5

I have a server running Ubuntu server 14.04 64bit and I am having an "interesting" problem with it. I have 2 users running some programs concurrentlly - d and m. The processes of user "m" are not time critical, and therefore are being run on a "nice" value of 19. The processes of user "d" are time critical, and therefore are running on the standard "nice" value of 0. The thing is, the processes of user "m" are still getting more CPU time than those of user "d".

Also, despite all the CPU pressure, one of the CPUs (3 in the snapshot) is hardly getting any use.

I cannot reproduce the issue in an identical machine running Ubuntu server 10.04 64bit (I know, I should have updated by now).
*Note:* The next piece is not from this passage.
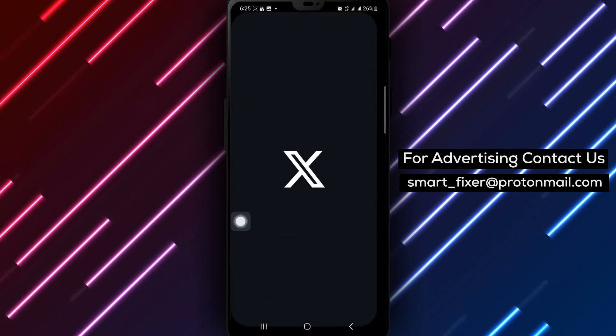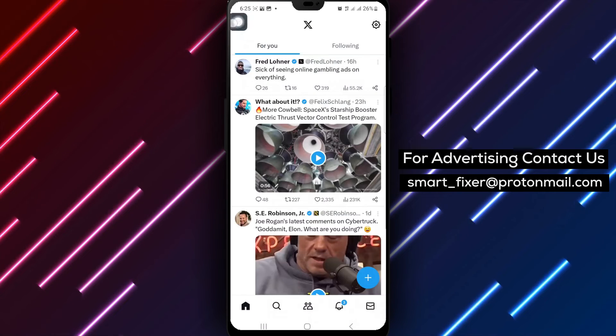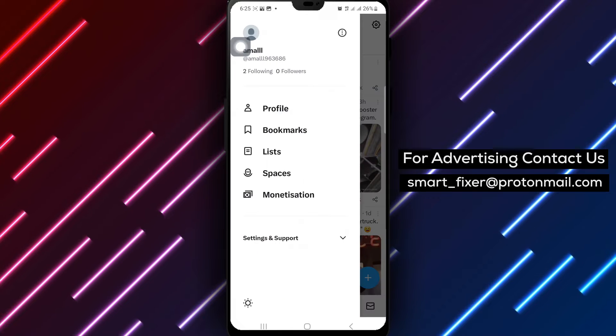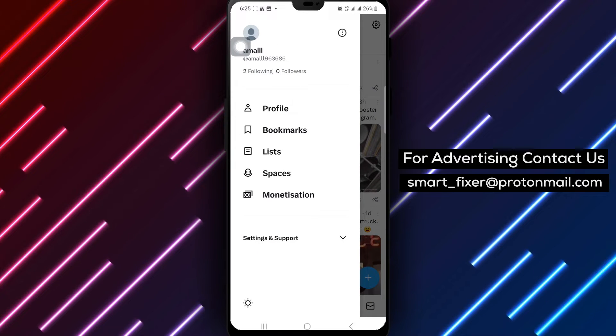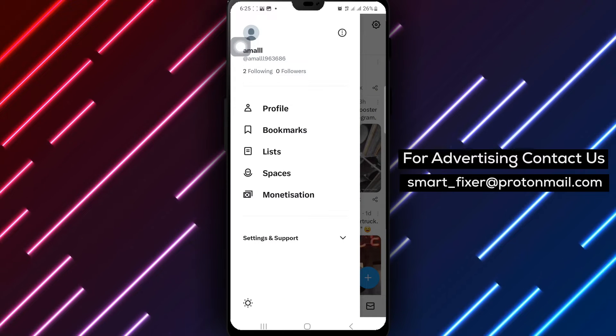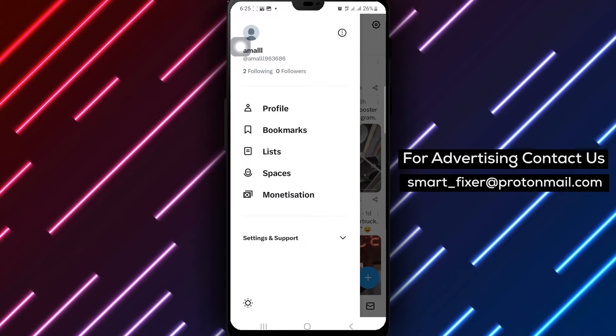Step 2: Tap your profile picture at the top left of the screen. Look for your profile picture, usually located in the top left corner, and give it a tap.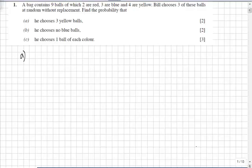In question 1a we are asked to find the probability that Bill chooses 3 yellow balls. There are 9 balls in total, of which 4 are yellow.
I am attaching a snapshot of htop running to illustrate the issue. Can anyone help me with this?

htop screenshot

Thanks in advance.

PS - The screenshot get reduced on upload and becomes too small to be readable. Here is a link to a full sized file.

Stunts
  • 2,152
  • 1
  • 16
  • 26
  • Do you have "autogroup" enabled? (if `more `/proc/sys/kernel/sched_autogroup_enabled` shows 1 you have). If you do `echo 0 > /proc/sys/kernel/sched_autogroup_enabled` turns it of. Try again with that ;) PM me if it is the answer and Ill post it ;) – Rinzwind May 19 '15 at 10:46
  • `/proc/sys/kernel/sched_autogroup_enabled` was set to 1, but setting it to 0 did not solve the issue... – Stunts May 19 '15 at 10:50
  • I believe the suggestion from @Rinzwind is correct, however it will not effect any existing session. It will effect any new session. And yes, this is a difference introduced somewhere between 10.04 and 12.04. See [also](http://ubuntuforums.org/showthread.php?t=2061134&highlight=nice). About CPU 3, I don't know. – Doug Smythies May 19 '15 at 15:55
  • Unforutnately, even after applying the fix and rebooting the machine, the "nice" value is still not being respected... any more suggestions? – Stunts May 27 '15 at 10:27

1 Answers1

1

Ok, so it seems I have found an answer. Running iotop made me realize what was going on - it was reporting the pyrad jobs as taking 100% I/O, which meant the jobs were effectively I/O and not CPU bound.

After a trip to the server room where no errors were being reported on the HUD display, entering the iDRAc controller revealed a degraded RAID5 array.

Now that the array is fixed, everything is back to normal operation.

Regardless, thank you all for your suggestions and time.

Stunts
  • 2,152
  • 1
  • 16
  • 26